• **Exercise brief**:
Pictures excluded, copy all of the data below exactly.

• **Provided material**:
▼
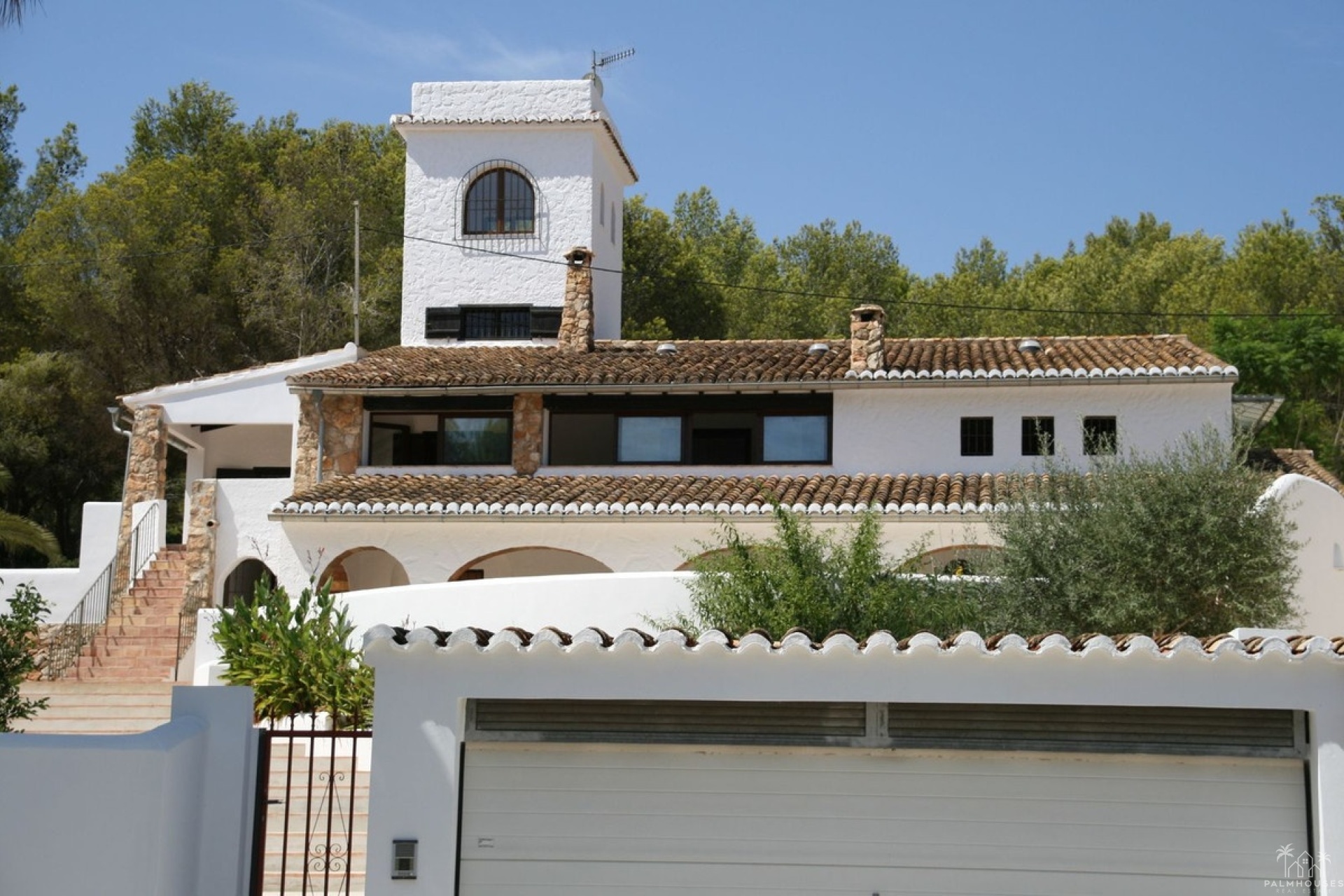 Revente - Villa - Benissa - Benissa Coast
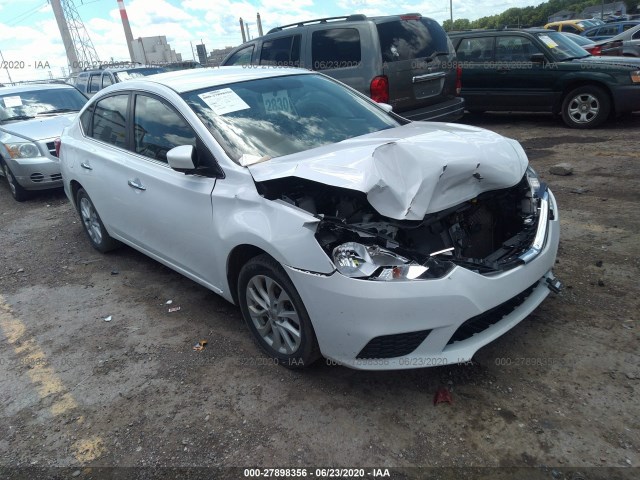 NISSAN SENTRA 2018 3n1ab7ap1jl649431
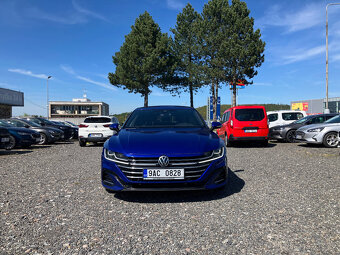 VOLKSWAGEN ARTEON R-LINE 2,0 TDI 147kw 4 MOTION TAŽNÉ - 2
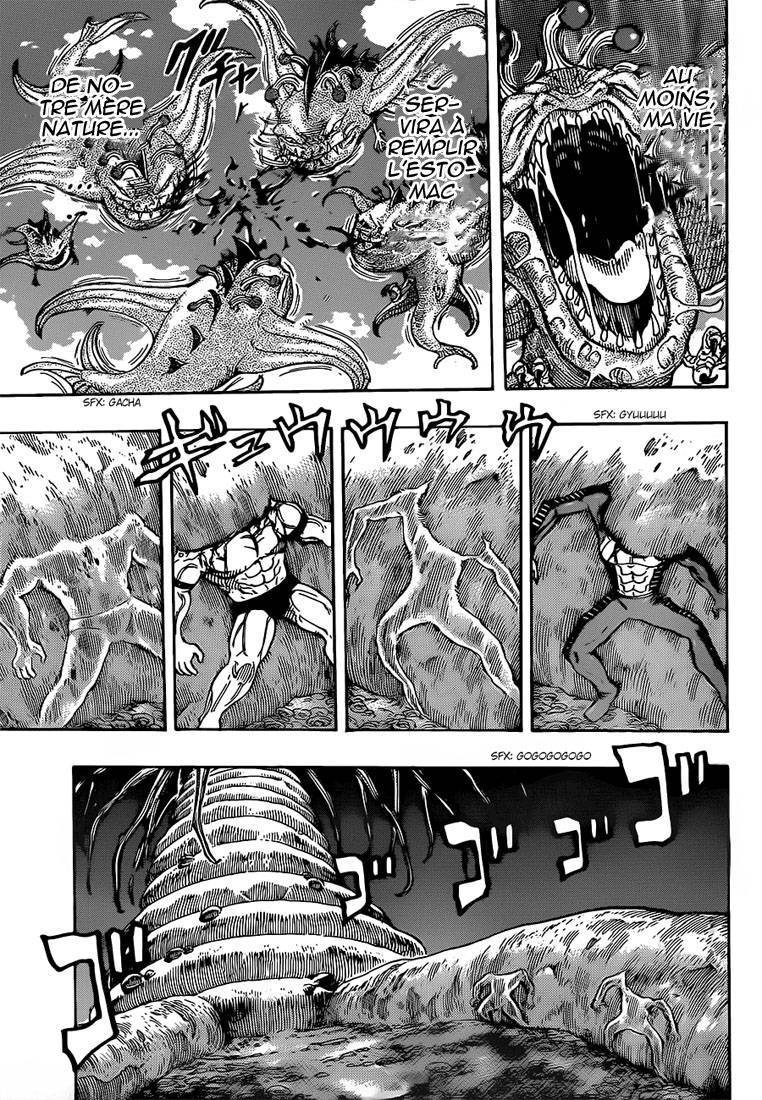  Toriko - Chapitre 294 - 8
▲
• **Response to this task**:
 Revente - Villa - Benissa - Benissa Coast
 NISSAN SENTRA 2018 3n1ab7ap1jl649431
 VOLKSWAGEN ARTEON R-LINE 2,0 TDI 147kw 4 MOTION TAŽNÉ - 2
  Toriko - Chapitre 294 - 8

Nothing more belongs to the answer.